With MS, your immune system attacks your body’s myelin, which is a protective substance that covers your nerves. The unprotected nerves are damaged and can’t function as they would with healthy myelin. The damage to the nerves produces a wide range of symptoms that vary in severity.

Multiple sclerosis is also a chronic condition, which means it’s long-lasting and there’s no cure for it. That said, it’s important to know that for the vast majority of people who have MS, the disease is not fatal. Most of the 2 million people worldwide with MS have a standard life expectancy. A rare few may have complications so severe that their life is shortened.

Although MS is a lifelong condition, many of its symptoms can be managed and controlled with medications and lifestyle adjustments.
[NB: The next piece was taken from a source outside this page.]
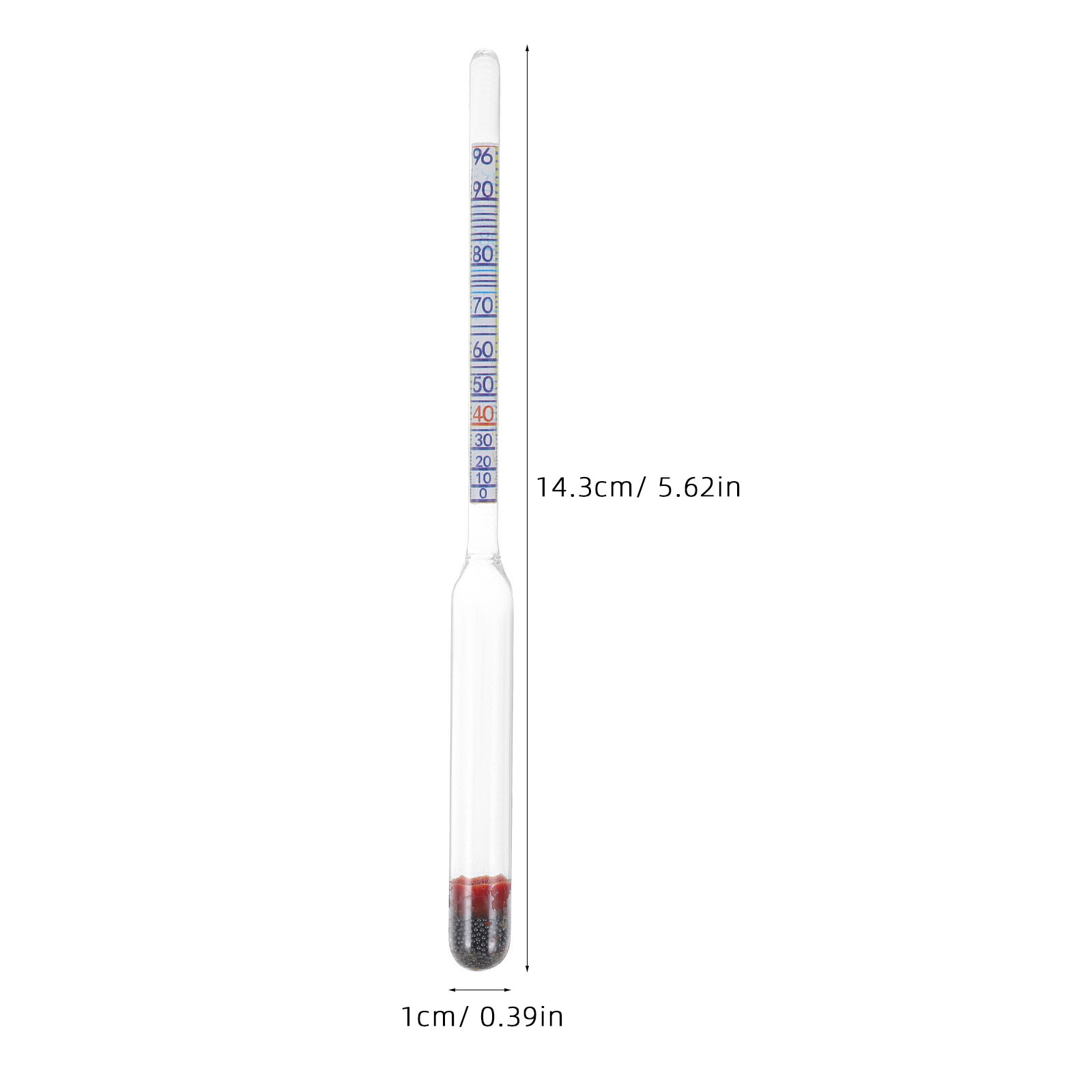 Kit com 5 Hidrômetros de Vidro - Wine To Beer Alcohol avaliação e preço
A new double-blind study has been published in the prestigious International Journal of Neuroscience showing the effects of a newly developed drug, Sativex®, is beneficial as an add-on therapy in antispasticity treatment for patients with moderate to severe multiple sclerosis (MS) spasticity.

This was the stated aim of the study –

To evaluate the efficacy of tetrahydrocannabinol [THC]:cannabidiol [CBD] oromucosal spray (Sativex®) as add-on therapy to optimized standard antispasticity treatment in patients with moderate to severe multiple sclerosis (MS) spasticity.

The study was done using these methods:

Sativex as Add-on therapy Vs. further optimized first-line ANTispastics (SAVANT) was a two-phase trial. In Phase A, eligible patients received add-on THC:CBD spray for 4 weeks to identify initial responders (≥ 20% improvement from baseline in spasticity 0-10 numerical rating scale [NRS] score). Following washout, eligible initial responders were randomised to receive THC:CBD spray or placebo for 12 weeks (double-blinded, Phase B). Optimization of underlying antispasticity medications was permitted in both groups across all study periods.

And this is how the study summarized the results:

Of 191 patients who entered Phase A, 106 were randomised in Phase B to receive add-on THC:CBD spray (n = 53) or placebo (n = 53). The proportion of clinically-relevant responders after 12 weeks (≥ 30% NRS improvement; primary efficacy endpoint) was significantly greater with THC:CBD spray than placebo (77.4 vs 32.1%; P < 0.0001). Compared with placebo, THC:CBD spray also significantly improved key secondary endpoints: changes in mean spasticity NRS (P < 0.0001), mean pain NRS (P = 0.0013), and mean modified Ashworth’s scale (P = 0.0007) scores from Phase B baseline to week 12. Adverse events, when present, were mild/moderate and without new safety concerns.

So, basically, cannabis used as an add-on therapy led to more than double the number of MS patients who responded in a positive manner to treatment and significantly reduced spasticity by the second week of treatment. It also improved the measures which are associated with spasticity including a reduction in pain and less sleep disruption.

Because cannabis was used as an add-on therapy (ethical concerns mandate this requirement), it remains unclear if cannabis alone could help to alleviate these symptoms, but in either case, this study strongly supports the clinical integration of cannabis-based treatment add-ons for symptoms of MS.